### EXERCISE
Could you set down the listing below exactly, leaving out its pictures?

### DATA
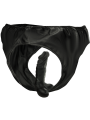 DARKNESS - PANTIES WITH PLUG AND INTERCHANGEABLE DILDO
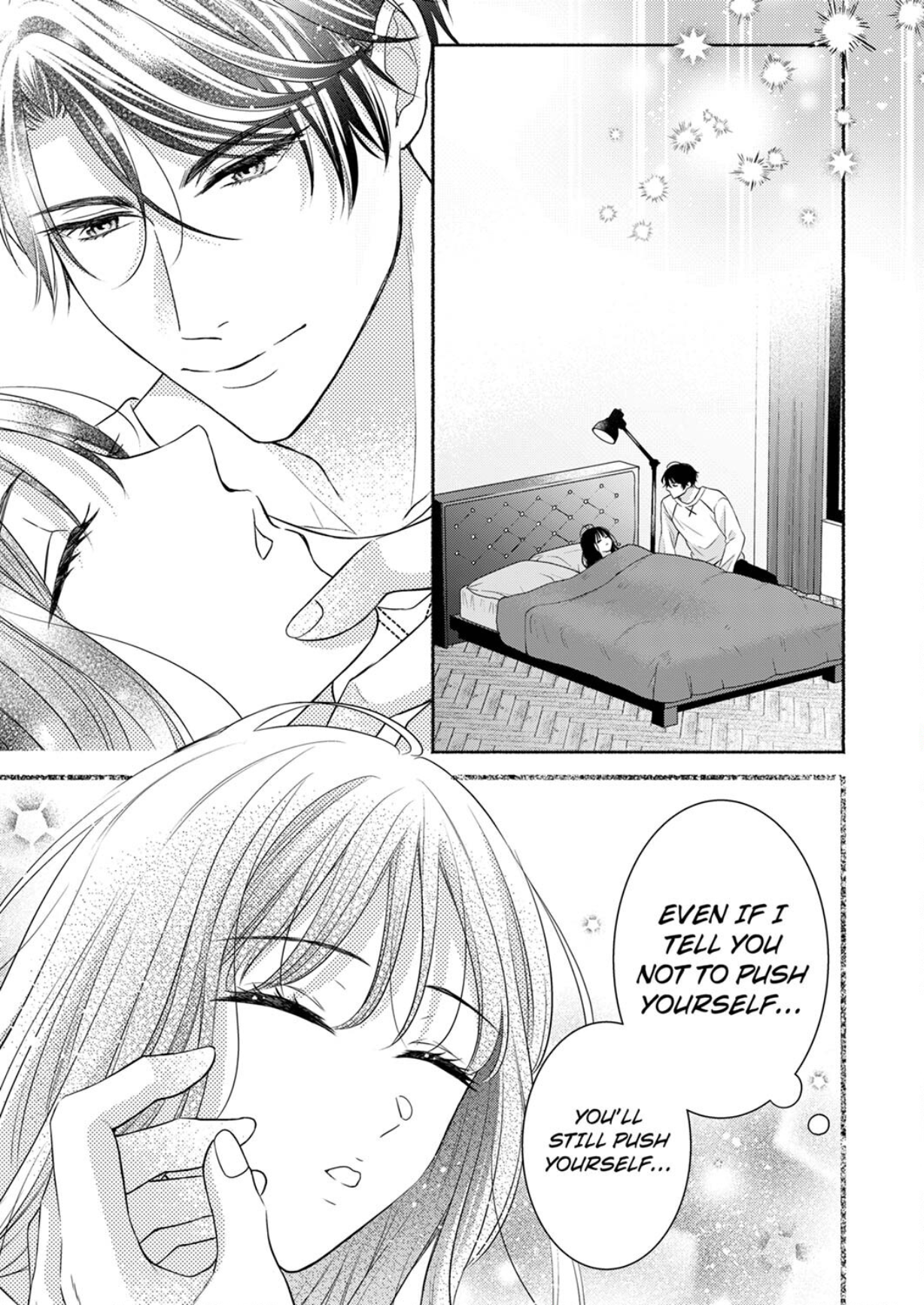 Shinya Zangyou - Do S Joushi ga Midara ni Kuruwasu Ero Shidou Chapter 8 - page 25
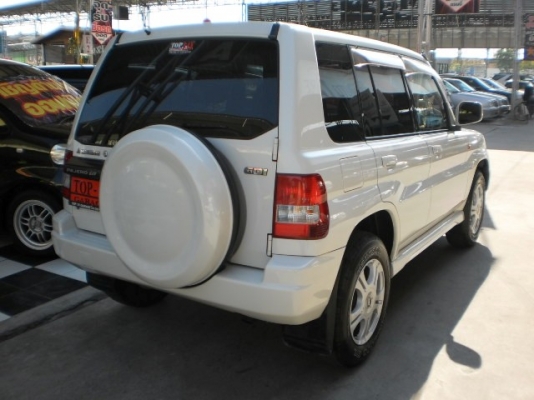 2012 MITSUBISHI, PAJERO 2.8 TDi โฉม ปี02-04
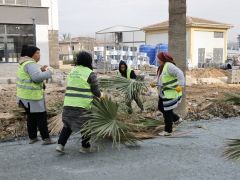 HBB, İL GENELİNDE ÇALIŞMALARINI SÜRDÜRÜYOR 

### RESPONSE TO THIS TASK
 DARKNESS - PANTIES WITH PLUG AND INTERCHANGEABLE DILDO
 Shinya Zangyou - Do S Joushi ga Midara ni Kuruwasu Ero Shidou Chapter 8 - page 25
 2012 MITSUBISHI, PAJERO 2.8 TDi โฉม ปี02-04
 HBB, İL GENELİNDE ÇALIŞMALARINI SÜRDÜRÜYOR 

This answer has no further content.